= Ovezmurat Dykma-Serdar =

Ovezmurat Dykma-Serdar (Russian: Овезмурад Дыкма Сердар; 1825–1882/84?, Turkmen: Öwezmyrat Dykma Serdar, عوض‌مراد دیقمه‌سردار) was a Teke Turkmen tribal leader in the second half of the 19th century. Originating from the Akhal region, the young Ovezmurat led armed raids (alaman) into the Persian provinces of Khorasan and Mazendaran. According to some reports, he was captured by the Shah's forces and held captive in Bojnurd prison in northeastern Iran. According to others, he was the commander of an armed detachment of Tekke tribesemen on behalf of the Khan of Khiva.

In the 1860s and 1870s, he took an active part in the military-political consolidation of the Teke clans and the final consolidation of the Teke hegemony in the Akhal and Merv oases in southern Turkmenistan. After the death of Nurberdy Khan, the chief leader of Akhal, Ovezmurat emerged as a key organizer of the armed resistance against the Russian expeditions of generals Nikolai Lomakin and Mikhail Skobelev. In 1879, on behalf of the Teke forces, he entered into negotiations with the advancing Russian troops and offered himself as a voluntary hostage. During his stay at the Russian camp, he studied the military organization, armament and deployment of enemy forces. He was one of the principal leaders of the ultimately failed defence of Geok-Tepe fortress.

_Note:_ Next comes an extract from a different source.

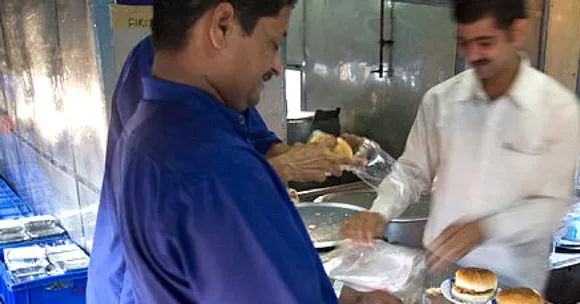 Indian Railways to Roll Out Airline-Like 'Combo' Meals, AI Module to Ensure Hygiene!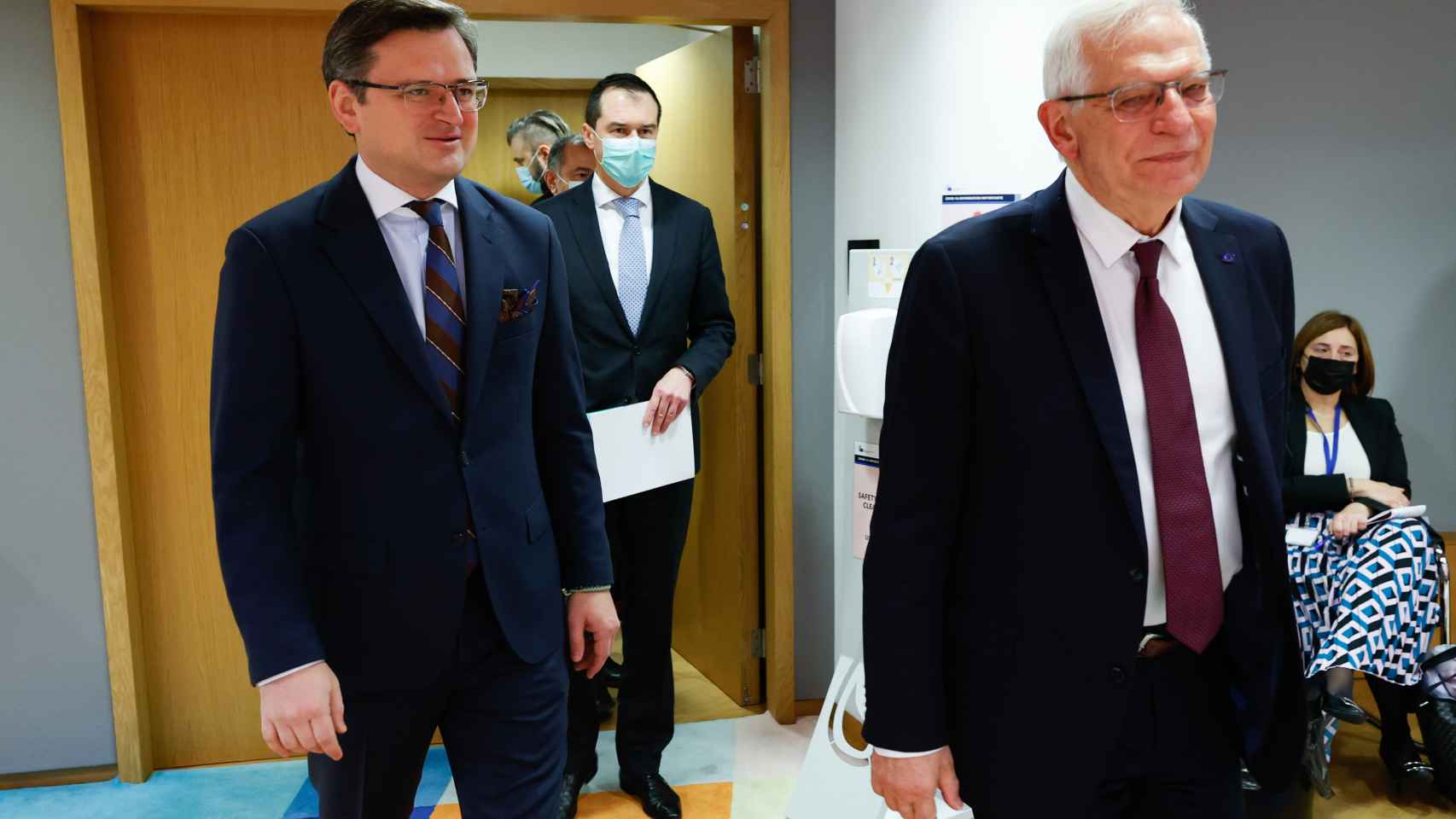 Josep Borrell y el ministro de Exteriores de Ucrania, Dmytro Kuleba, durante la reunión de este lunes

The decisive defeat of the Turkmens by General Skobelev's troops marked a major milestone in Russia's conquest of Central Asia. Dykma-Serdar surrendered and swore allegiance to the House of Romanovs. In 1881, at the invitation of Tsar Alexander III, he visited Astrakhan, Moscow and St. Petersburg, where he was received by the emperor himself. He received the rank of major and was given a hereditary title. He was the father of Oraz Dykma-Serdar, one of the commanders of the Teke cavalry regiment in the Tsarist army.